PLUMELEC, France (AFP) — Team Columbia manager Bob Stapleton is looking to Britain's Mark Cavendish for a Tour de France stage victory after his team missed out on an historic first stage win here Saturday.
Stapleton's team have come to the Tour looking to fight on several fronts, but at the start of the 2008 race - being held without a prologue for the first time in 41 years - he was reminded that they'll get nothing for free.
In a thrilling end to the race opener which ended on the 1.7km ascent of the "deceiving" Cadoudal climb, Stapleton watched in agony as classy Spaniard Alejandro Valverde ended Kim Kirchen's hopes of winning the stage, and pulling on the yellow jersey.
The Luxemburger showed his class by countering Germany's Stefan Schumacher as he launched an uphill drive for the line on the final kilometre, only to be upstaged himself when Valverde rapidly closed a 100-metre gap to go on and take the race lead for the first time.
Kirchen trailed in fourth, but Stapleton was still delighted at his team forcing the pace in the final kilometres to get Kirchen into a winning position.
Now, the American is already looking to Sunday's sprint-friendlier second stage where Manxman Cavendish can mix it up with the bunch.
"We were going for the jersey, but I couldn't be happier with the performance of the guys. Kim Kirchen did a great job," said Stapleton, whose team has recently been re-named Columbia from High Road.
"Kim has shown he's fit and motivated. And the guys probably rode that last 10, even 20 km at the front - so they're in form and doing everything right. Valverde was just too strong for them."
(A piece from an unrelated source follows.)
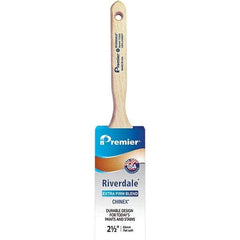 Premier Paint Roller - 2-1/2" Tapered Nylon Sash Brush - 2-15/16" Bristle Length, 7-1/2" Wood Sash Handle - A1 Tooling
Sunday's second stage is a 164.5km ride over similarly undulating terrain from nearby Auray to St Brieuc on the coast.
And with a flatter finish, Stapleton is looking for Cavendish, or German tyro Gerald Ciolek, to start rubbing elbows with some of the sprint's big guns.
"We're playing to our strengths, and looking at the next few days with 'Cav' and Ciolek. We'll get our chances in the next few days," he added.
Kirchen, whose big aim is to get in the mix for the yellow jersey after a seventh place finish overall last year, admitted there was little he could do against Valverde.
"I attacked when I thought it was best to but when I saw Valverde come past me there was nothing I could do," said Kirchen, who earlier this year beat Australia's yellow jersey favourite Cadel Evans into second place at the Fleche Wallonne one-day classic.
"I'm not too disappointed. Once you're beat it doesn't matter whether you finish second or fourth. But I'm really happy with the way the team worked today."
Stapleton said Valverde was a class above the rest.
"I'm sure Kim is a bit disappointed because he could probably feel it and taste it, then Valverde ... a rocket ship right past him," he said.
"He closed a huge gap of about 100 metres in 50 metres. Pretty explosive. When Kim exploded up the hill I think he might have gone a little too early.
"The hill is pretty deceiving. In the book it looks flat on the last 200 metres, but it's not."